I got the 10 core because of price and concerns about single core speed for CPU intensive instruments.


----------



## PkCrumbs (Mar 13, 2018)

khollister said:


> I passed on the Multidock and got a Akitio Thunder 3 Mini - TB 3 and has a switch so you can turn the fans off. I also have 4 1TB Evo's in mine and while the drives do get a bit hotter with the fan off, it is not enough to hurt anything. The performance is excellent - no real reduction in speed compared to the same drives in a PC on the Intel SATA6G ports.
> 
> The tests I have seen on the Multidock weren't very impressive - the SATA to thunderbolt bridge is slow.
> 
> I got the 10 core because of price and concerns about single core speed for CPU intensive instruments.
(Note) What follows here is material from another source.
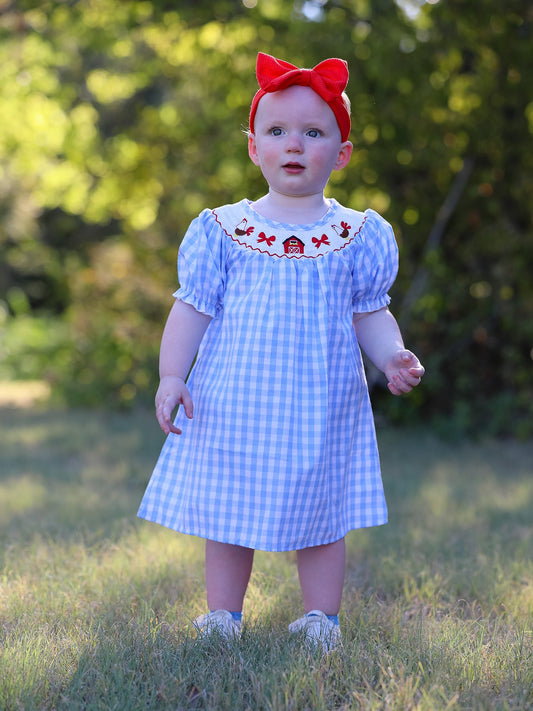 Monique Farm Blue Smocking Embroidered Girls Dress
Okay, thanks! I've read some complaints about the Akitio self-ejecting the disks randomly. Have you had any issues with that?


----------



## khollister (Mar 13, 2018)

only on waking from sleep - my solution is not to sleep the computer but have the display shut off. Flawless otherwise.


----------



## Nick Batzdorf (Mar 13, 2018)

It really is ridiculous that you have to buy expensive disposable crap to house your computer's drives.

Sorry for grousing rather than being helpful, but really, this is a case (sic) of overdesign being underdesign.


----------



## PkCrumbs (Mar 13, 2018)

Nick Batzdorf said:


> It really is ridiculous that you have to buy expensive disposable crap to house your computer's drives.
> 
> Sorry for grousing rather than being helpful, but really, this is a case (sic) of overdesign being underdesign.
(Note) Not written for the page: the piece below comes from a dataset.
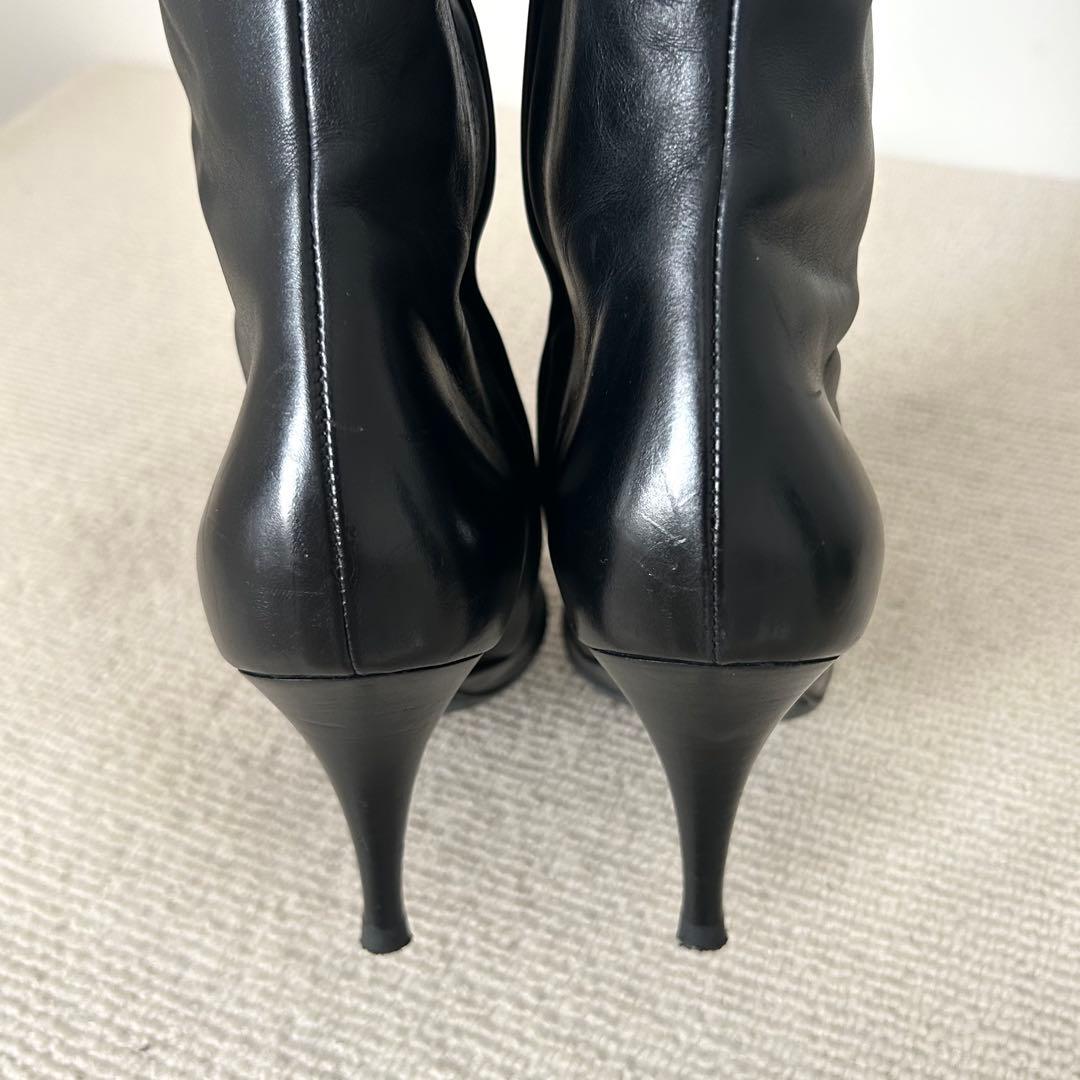 美品 ルイヴィトン ロングブーツ レザー 黒 23.5cm 36.5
Ugh, agreed. Also, it's hard to find anything that consistently has above a 3-star rating.


----------



## PkCrumbs (Mar 13, 2018)

khollister said:


> only on waking from sleep - my solution is not to sleep the computer but have the display shut off. Flawless otherwise.


Okay, cool. Weirdly, I'm looking for it online and nowhere is really selling it right now. Akitio's website directs you to their Amazon page, where they have all their products for sale except this one. It's labeled as "unavailable." A lot of other websites don't have it in stock (but have other Akitio product in stock) or are just sketchy-seeming websites I don't want to buy things from. Maybe they're pulling it in anticipation of an updated version being released?


----------



## khollister (Mar 13, 2018)

PkCrumbs said:


> Okay, cool. Weirdly, I'm looking for it online and nowhere is really selling it right now. Akitio's website directs you to their Amazon page, where they have all their products for sale except this one. It's labeled as "unavailable." A lot of other websites don't have it in stock (but have other Akitio product in stock) or are just sketchy-seeming websites I don't want to buy things from. Maybe they're pulling it in anticipation of an updated version being released?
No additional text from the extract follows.